▶ [Records provided]

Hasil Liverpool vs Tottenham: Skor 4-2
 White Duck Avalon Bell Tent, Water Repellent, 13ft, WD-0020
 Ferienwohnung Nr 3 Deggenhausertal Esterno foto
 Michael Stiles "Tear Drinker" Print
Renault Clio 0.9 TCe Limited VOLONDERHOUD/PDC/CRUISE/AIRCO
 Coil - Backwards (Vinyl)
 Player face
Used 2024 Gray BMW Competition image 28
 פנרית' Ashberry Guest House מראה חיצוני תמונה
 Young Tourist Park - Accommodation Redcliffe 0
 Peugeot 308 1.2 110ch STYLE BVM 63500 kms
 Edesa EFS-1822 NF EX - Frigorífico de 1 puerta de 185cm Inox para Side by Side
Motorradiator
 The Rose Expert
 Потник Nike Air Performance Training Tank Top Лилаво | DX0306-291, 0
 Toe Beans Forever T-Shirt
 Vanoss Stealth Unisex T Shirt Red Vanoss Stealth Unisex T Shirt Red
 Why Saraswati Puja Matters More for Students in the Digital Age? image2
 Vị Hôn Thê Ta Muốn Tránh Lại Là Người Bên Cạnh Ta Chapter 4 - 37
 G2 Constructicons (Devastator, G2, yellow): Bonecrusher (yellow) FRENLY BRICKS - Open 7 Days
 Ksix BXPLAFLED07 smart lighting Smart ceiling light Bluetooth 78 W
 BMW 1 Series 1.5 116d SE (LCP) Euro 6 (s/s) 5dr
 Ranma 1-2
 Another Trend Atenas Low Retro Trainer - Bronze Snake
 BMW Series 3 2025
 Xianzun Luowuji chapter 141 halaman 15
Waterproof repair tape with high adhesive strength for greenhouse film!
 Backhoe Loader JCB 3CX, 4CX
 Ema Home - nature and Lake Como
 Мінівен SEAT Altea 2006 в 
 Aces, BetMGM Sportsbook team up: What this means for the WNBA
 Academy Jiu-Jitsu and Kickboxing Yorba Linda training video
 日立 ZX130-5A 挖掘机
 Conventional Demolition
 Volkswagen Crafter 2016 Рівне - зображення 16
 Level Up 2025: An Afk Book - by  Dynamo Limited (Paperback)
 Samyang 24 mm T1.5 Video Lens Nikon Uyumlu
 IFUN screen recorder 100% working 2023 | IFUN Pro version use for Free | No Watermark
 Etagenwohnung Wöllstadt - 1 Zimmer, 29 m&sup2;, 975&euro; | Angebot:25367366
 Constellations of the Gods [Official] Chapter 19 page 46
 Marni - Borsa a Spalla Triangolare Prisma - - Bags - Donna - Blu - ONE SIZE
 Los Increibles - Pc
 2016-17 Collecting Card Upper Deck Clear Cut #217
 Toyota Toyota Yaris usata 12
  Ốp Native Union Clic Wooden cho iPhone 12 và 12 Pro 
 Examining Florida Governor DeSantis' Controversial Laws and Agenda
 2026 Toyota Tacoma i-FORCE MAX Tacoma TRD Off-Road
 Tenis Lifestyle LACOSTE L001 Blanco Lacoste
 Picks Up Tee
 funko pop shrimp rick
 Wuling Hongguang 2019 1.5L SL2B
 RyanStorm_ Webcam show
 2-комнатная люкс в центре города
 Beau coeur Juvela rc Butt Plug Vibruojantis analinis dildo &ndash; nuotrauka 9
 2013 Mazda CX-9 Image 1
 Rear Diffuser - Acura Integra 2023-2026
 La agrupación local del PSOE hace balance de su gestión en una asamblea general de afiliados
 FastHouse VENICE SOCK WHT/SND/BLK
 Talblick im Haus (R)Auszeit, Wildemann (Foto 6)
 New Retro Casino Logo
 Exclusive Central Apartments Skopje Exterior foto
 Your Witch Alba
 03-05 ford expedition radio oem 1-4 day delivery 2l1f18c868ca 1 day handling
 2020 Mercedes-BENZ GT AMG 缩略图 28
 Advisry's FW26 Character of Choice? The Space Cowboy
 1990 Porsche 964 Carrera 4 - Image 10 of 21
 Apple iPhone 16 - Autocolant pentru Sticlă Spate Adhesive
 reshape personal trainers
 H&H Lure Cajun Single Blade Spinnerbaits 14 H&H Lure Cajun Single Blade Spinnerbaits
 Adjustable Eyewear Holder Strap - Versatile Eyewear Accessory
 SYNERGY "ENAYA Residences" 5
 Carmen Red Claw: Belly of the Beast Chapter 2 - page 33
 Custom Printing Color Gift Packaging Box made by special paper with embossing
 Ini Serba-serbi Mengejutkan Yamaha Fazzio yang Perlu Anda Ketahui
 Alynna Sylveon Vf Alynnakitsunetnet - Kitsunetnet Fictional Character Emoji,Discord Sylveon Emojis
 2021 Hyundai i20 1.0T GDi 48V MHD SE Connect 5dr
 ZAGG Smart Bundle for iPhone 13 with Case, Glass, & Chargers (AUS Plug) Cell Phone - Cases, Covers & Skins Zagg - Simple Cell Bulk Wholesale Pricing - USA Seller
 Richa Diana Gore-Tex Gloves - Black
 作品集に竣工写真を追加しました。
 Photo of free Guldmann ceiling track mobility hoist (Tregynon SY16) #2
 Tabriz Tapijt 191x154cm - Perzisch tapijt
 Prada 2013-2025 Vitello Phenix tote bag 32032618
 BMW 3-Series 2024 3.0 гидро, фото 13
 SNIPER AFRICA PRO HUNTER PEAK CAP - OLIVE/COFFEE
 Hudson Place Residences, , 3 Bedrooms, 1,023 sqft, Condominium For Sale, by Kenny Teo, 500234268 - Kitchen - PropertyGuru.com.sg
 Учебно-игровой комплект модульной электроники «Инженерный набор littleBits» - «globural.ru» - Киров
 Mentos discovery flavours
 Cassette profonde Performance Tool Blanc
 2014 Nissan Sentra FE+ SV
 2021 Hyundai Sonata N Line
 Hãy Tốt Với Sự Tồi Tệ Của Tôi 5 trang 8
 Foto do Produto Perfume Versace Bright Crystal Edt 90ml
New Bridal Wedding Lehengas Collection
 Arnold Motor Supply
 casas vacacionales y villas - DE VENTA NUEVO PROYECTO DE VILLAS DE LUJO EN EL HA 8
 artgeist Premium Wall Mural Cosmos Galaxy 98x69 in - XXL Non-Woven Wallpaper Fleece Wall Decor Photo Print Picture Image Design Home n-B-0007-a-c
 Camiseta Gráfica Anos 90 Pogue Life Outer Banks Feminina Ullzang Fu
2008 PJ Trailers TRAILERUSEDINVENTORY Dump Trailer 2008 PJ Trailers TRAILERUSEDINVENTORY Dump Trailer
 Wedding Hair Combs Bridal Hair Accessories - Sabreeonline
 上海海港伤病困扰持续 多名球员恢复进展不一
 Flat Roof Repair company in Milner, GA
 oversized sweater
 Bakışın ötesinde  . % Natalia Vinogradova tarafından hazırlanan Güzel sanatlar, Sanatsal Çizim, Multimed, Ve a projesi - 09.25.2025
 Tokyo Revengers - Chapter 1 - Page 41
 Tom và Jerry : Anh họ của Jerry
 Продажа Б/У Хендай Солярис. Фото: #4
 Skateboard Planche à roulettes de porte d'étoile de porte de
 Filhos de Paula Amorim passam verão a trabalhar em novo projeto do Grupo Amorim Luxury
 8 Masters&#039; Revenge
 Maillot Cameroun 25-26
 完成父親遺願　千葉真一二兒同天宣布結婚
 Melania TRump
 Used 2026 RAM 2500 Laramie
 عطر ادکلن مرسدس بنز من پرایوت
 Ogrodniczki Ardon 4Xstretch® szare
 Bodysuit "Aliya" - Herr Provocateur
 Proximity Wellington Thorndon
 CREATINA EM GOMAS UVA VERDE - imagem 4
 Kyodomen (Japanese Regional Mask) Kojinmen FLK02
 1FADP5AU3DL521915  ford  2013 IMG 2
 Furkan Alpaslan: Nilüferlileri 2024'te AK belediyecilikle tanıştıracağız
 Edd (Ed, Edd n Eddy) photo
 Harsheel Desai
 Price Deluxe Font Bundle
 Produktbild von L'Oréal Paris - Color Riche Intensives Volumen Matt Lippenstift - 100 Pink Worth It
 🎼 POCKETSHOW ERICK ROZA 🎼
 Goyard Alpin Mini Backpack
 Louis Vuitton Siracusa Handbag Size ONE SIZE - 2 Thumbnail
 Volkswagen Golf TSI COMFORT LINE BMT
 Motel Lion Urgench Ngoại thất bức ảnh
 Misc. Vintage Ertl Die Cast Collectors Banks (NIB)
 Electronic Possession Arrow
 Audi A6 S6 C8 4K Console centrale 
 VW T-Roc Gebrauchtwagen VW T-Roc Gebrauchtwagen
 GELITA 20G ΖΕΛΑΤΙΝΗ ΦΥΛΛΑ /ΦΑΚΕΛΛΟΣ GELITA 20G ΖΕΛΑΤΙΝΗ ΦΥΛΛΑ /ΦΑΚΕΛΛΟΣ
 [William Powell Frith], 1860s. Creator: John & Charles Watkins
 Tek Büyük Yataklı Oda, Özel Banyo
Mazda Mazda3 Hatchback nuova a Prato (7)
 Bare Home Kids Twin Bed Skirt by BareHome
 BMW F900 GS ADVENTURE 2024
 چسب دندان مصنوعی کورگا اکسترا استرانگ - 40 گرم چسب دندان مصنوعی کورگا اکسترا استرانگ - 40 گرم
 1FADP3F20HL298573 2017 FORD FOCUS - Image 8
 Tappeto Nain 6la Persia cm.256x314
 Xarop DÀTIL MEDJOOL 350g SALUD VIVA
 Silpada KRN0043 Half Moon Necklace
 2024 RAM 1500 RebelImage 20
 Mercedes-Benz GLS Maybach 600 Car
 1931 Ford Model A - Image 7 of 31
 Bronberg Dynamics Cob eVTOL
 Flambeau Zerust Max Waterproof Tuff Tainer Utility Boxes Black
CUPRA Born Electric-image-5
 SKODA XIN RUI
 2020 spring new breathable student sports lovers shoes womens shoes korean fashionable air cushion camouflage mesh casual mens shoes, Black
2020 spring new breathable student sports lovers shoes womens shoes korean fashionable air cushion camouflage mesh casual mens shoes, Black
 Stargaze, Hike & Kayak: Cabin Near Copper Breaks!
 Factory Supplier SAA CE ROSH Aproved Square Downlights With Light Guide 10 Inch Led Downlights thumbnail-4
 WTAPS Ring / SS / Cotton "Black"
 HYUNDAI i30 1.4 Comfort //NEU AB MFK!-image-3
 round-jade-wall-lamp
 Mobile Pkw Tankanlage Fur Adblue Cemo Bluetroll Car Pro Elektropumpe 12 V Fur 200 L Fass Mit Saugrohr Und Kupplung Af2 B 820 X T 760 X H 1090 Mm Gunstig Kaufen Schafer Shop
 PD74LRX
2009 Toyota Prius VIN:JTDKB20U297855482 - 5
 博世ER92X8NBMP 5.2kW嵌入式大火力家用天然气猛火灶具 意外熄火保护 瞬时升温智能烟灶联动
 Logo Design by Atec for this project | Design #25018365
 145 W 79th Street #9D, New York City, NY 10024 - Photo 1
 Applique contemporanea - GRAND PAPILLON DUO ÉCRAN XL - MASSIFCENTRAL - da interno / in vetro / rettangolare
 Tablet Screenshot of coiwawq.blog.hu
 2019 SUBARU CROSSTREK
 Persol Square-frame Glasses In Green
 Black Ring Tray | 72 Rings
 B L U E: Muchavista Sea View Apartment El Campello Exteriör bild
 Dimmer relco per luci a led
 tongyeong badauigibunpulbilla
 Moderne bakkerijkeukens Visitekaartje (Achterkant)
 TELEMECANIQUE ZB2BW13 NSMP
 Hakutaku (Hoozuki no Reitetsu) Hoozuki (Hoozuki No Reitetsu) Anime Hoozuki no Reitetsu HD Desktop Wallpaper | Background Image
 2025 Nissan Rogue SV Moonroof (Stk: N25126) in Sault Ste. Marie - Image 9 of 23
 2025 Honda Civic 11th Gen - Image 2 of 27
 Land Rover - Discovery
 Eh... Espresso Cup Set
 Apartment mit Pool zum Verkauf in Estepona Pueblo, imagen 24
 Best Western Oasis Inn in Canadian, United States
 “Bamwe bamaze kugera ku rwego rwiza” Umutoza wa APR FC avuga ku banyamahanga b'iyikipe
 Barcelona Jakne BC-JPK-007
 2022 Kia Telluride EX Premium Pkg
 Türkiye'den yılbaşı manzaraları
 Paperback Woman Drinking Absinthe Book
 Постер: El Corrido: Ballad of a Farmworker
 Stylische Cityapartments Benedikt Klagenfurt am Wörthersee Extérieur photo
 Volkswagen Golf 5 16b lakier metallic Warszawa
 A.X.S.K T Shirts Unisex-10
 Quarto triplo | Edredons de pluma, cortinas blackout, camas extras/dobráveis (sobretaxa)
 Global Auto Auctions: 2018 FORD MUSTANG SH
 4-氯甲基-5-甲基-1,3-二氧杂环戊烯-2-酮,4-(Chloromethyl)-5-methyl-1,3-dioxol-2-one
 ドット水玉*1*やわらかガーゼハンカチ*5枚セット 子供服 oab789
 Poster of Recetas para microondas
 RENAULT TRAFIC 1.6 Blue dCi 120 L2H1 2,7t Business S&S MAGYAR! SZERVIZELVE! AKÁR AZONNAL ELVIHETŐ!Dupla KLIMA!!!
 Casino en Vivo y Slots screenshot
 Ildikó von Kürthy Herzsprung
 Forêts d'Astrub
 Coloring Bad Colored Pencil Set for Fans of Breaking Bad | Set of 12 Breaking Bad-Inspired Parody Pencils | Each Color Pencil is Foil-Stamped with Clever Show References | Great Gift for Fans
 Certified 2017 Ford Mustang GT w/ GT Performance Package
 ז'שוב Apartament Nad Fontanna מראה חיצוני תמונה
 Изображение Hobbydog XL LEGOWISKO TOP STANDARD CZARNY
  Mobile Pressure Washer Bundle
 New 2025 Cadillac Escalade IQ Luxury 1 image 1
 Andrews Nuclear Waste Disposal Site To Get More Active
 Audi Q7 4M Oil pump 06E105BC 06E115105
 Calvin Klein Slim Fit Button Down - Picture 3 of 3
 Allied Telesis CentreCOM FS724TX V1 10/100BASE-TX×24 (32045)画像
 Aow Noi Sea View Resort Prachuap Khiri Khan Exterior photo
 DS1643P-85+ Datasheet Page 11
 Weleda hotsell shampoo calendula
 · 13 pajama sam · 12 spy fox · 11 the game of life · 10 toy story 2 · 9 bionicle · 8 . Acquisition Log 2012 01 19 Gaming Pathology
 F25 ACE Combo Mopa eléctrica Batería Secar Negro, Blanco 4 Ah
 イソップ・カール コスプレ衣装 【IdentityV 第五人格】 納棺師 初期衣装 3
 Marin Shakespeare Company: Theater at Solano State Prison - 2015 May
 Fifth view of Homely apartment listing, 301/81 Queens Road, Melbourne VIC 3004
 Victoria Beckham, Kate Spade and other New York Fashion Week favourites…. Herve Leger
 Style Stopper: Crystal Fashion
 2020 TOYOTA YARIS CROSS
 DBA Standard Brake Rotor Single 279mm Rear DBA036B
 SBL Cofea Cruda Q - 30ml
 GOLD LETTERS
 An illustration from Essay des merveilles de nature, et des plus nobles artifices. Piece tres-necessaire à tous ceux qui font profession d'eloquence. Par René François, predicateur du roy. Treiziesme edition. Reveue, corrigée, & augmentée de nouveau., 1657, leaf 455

▶ [Task to complete] Copy, exactly and only, the lines above that begin with the one containing "Backhoe Loader JCB 3CX, 4CX" and finish with the one containing "Volkswagen Crafter 2016".

▶ [Task output]
 Backhoe Loader JCB 3CX, 4CX
 Ema Home - nature and Lake Como
 Мінівен SEAT Altea 2006 в 
 Aces, BetMGM Sportsbook team up: What this means for the WNBA
 Academy Jiu-Jitsu and Kickboxing Yorba Linda training video
 日立 ZX130-5A 挖掘机
 Conventional Demolition
 Volkswagen Crafter 2016 Рівне - зображення 16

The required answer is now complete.